In [1]:
import pandas as pd

from typing import Dict
import warnings
warnings.filterwarnings("ignore")

In [2]:
df_playtime_genre = pd.read_csv('data/csv/playtime_genre.csv', encoding='utf-8')
df_user_for_genre = pd.read_csv('data/csv/user_for_genre.csv', encoding='utf-8')
df_user_recommend = pd.read_csv('data/csv/user_recommend.csv', encoding='utf-8')
df_sentiment_year = pd.read_csv('data/csv/sentiment_year.csv', encoding='utf-8')

# Play Time Genre
This function receives a genre as a parameter and returns the year with the most hours played for said genre.

In [3]:
def PlayTimeGenre(genre: str):
    """
    Returns the year with the most hours played for the given genre.

    Parameters:
    - genre (str): Genre for which you want to obtain the year with the most hours played.

    Returns:
    - dict: Dictionary with the year of release with the most hours played for the given genre.
    """
    #genre_lower = genre.lower()
    # Filter the DataFrame by the given gender
    genre_df = df_playtime_genre[df_playtime_genre['genres'] == genre]

    # Get the year with most played hours
    max_playtime_year = genre_df.loc[genre_df['playtime_forever'].idxmax(), 'release_year']

    return {f"Release year with the most hours played for the genre {genre}": max_playtime_year}



In [4]:
def PlayTimeGenre(genre: str):
    """
    Returns the release year with the most hours played for the given genre.

    Parameters:
    - genre (str): Genre for which you want to obtain the release year with the most hours played.

    Returns:
    - dict: Dictionary with the release year with the most hours played for the specified genre.
    """
    # Convert the gender to lowercase to do the search regardless of upper or lower case
    genre_lower = genre.lower() if isinstance(genre, str) else None

    # Filter the DataFrame by the given gender
    genre_df = df_playtime_genre[df_playtime_genre['genres'].str.lower() == genre_lower]

    if genre_df.empty:
        return {f"No hay datos disponibles para el género {genre}": None}

    # Check for data before trying to get the index of the maximum value
    if not genre_df['playtime_forever'].empty:
        # Get the year with the most hours played
        max_playtime_year = genre_df.loc[genre_df['playtime_forever'].idxmax(), 'release_year']
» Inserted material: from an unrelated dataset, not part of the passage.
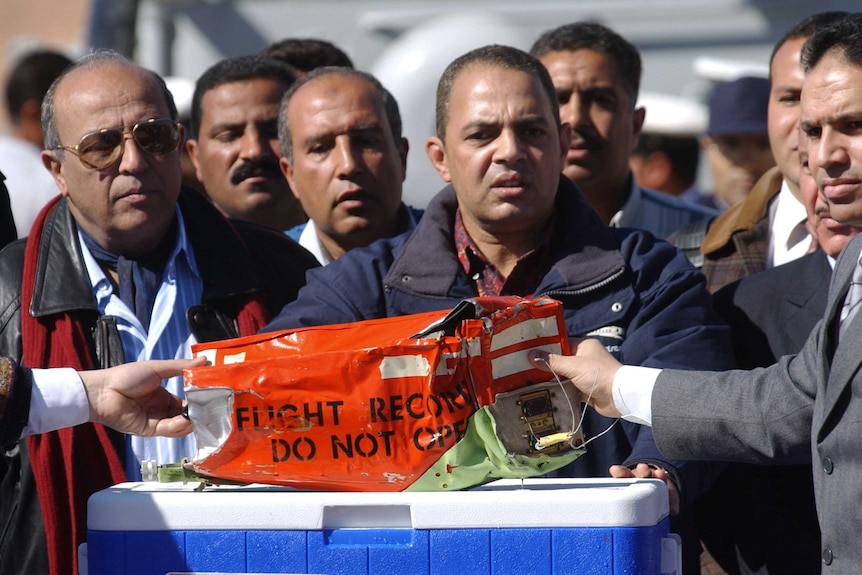 Egyptian authorities take the black box of the Flash Airlines flight that crashed off the Egyptian coast.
        return {f"Release year with the most hours played for the genre {genre}": max_playtime_year}
    else:
        return {f"There is no data available for the gender {genre}": None}


In [5]:
PlayTimeGenre('Action')

{'Release year with the most hours played for the genre Action': '2012'}

# User for genre

In [6]:
def UserForGenre(genre: str):
    """
    Returns the user with the most hours played for the given genre and a list of hours played per year for that user.

    Parameters:
    - genre (str): Genre for which you want to obtain the user and the accumulation of hours played.

    Returns:
    - dict: Dictionary with the user with the most hours played and the list of hours played per year for that user.
    """
    
    # Convert the gender to lowercase to do the search regardless of upper or lower case
    genre_lower = genre.lower() if isinstance(genre, str) else None
    # Filter the DataFrame by the given gender
    genre_df = df_user_for_genre[df_user_for_genre['genres'].str.lower() == genre_lower]

    if genre_df.empty:
        return {"User with the most hours played for the genre": None, "Hours played per year": {}}

    # Group by user and add hours played
    user_playtime_sum = genre_df.groupby('user_id')['playtime_forever'].sum()
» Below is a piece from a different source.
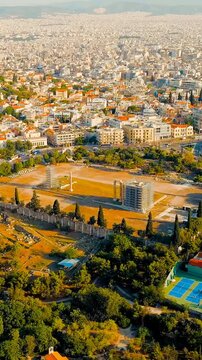 Vertical video. Athens, Greece. Olympeion, Temple of Olympian Zeus - the largest temple of Ancient Greece, built from the 6th century BC. e. until the 2nd century A.D. e. Summer. Drone footage, Point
    # Take the user with the maximum sum of hours played
    max_playtime_user = user_playtime_sum.idxmax()

    # Filter the DataFrame by the specific user
    user_df = genre_df[genre_df['user_id'] == max_playtime_user]

    # Create a dictionary with the hours played per year for the mentioned user
    playtime_by_year = dict(zip(user_df['release_year'], user_df['playtime_forever']))

    return {f"User with the most hours played for the genre {genre}": max_playtime_user, "Hours played per year": playtime_by_year}


In [14]:
UserForGenre('action')

{'User with the most hours played for the genre action': 'Sp3ctre',
 'Hours played per year': {'1993': 0,
  '1998': 0,
  '1999': 44,
  '2002': 238,
  '2003': 7673,
  '2004': 127411,
  '2005': 21339,
  '2006': 896,
  '2008': 224,
  '2010': 78083,
  '2012': 378296,
  '2015': 312512,
  '2017': 43327,
  'no data': 84602}}

# User Recommend

In [8]:
def UsersRecommend(year):
    '''
    This function takes a year as input and filters user reviews for that year, considering only recommended reviews.
    It then selects positive/neutral reviews (sentiment_analysis 1 or 2) and counts the recommendations for each game.
    The function returns the top 3 games with the highest recommendation counts in the specified year.

    Parameters:
    - year (int): The target year for filtering reviews.

    Returns:
    List of dictionaries, where each dictionary represents a top game and its recommendation count.
    Example:
    [{'Position 1: GameA': 30}, {'Position 2: GameB': 25}, {'Position 3: GameC': 20}]
    '''
    # Filter reviews for the given year and which are recommended
    filtered_reviews = df_user_recommend[(df_user_recommend['posted'] == year) & (df_user_recommend['recommend'] == True)]
    
    # Filter only positive/neutral reviews (sentiment_analysis 1 or 2)
    positive_reviews = filtered_reviews[filtered_reviews['sentiment_analysis'].isin([1, 2])]
    
    # Count recommendations per item
    recommendations_count = positive_reviews['item_name'].value_counts().reset_index()
    recommendations_count.columns = ['item_name', 'recommendations_count']
    
    # Get top 3
    top3_recommendations = recommendations_count.head(3)
    
    
    result = [{"Position {}: {}".format(i+1, row['item_name']): row['recommendations_count']} for i, row in top3_recommendations.iterrows()]
    
    return result


In [9]:
UsersRecommend(2010)

[{'Position 1: Team Fortress 2': 20},
 {'Position 2: Killing Floor': 6},
 {"Position 3: Garry's Mod": 4}]

# Users Not Recommend

In [10]:
def UsersNotRecommend(year):
    '''
    This function takes a year as input and filters user reviews for that year, considering only recommended reviews.
    It then selects negative reviews (sentiment_analysis 0) and counts the recommendations for each game.
    The function returns the top 3 games with the lowest recommendation counts in the specified year.

    Parameters:
    - year (int): The target year for filtering reviews.

    Returns:
    List of dictionaries, where each dictionary represents a low top items and its recommendation count.
    Example:
    [{'Position 1: GameA': 30}, {'Position 2: GameB': 25}, {'Position 3: GameC': 20}]
    '''
    # Filter reviews for the given year that are not recommended
    filtered_reviews = df_user_recommend[(df_user_recommend['posted'] == year) & (df_user_recommend['recommend'] == False)]
    
    # Filter only negative reviews (sentiment_analysis 0)
    negative_reviews = filtered_reviews[filtered_reviews['sentiment_analysis'] == 0]
    
    # Count recommendations per item
    not_recommendations_count = negative_reviews['item_name'].value_counts().reset_index()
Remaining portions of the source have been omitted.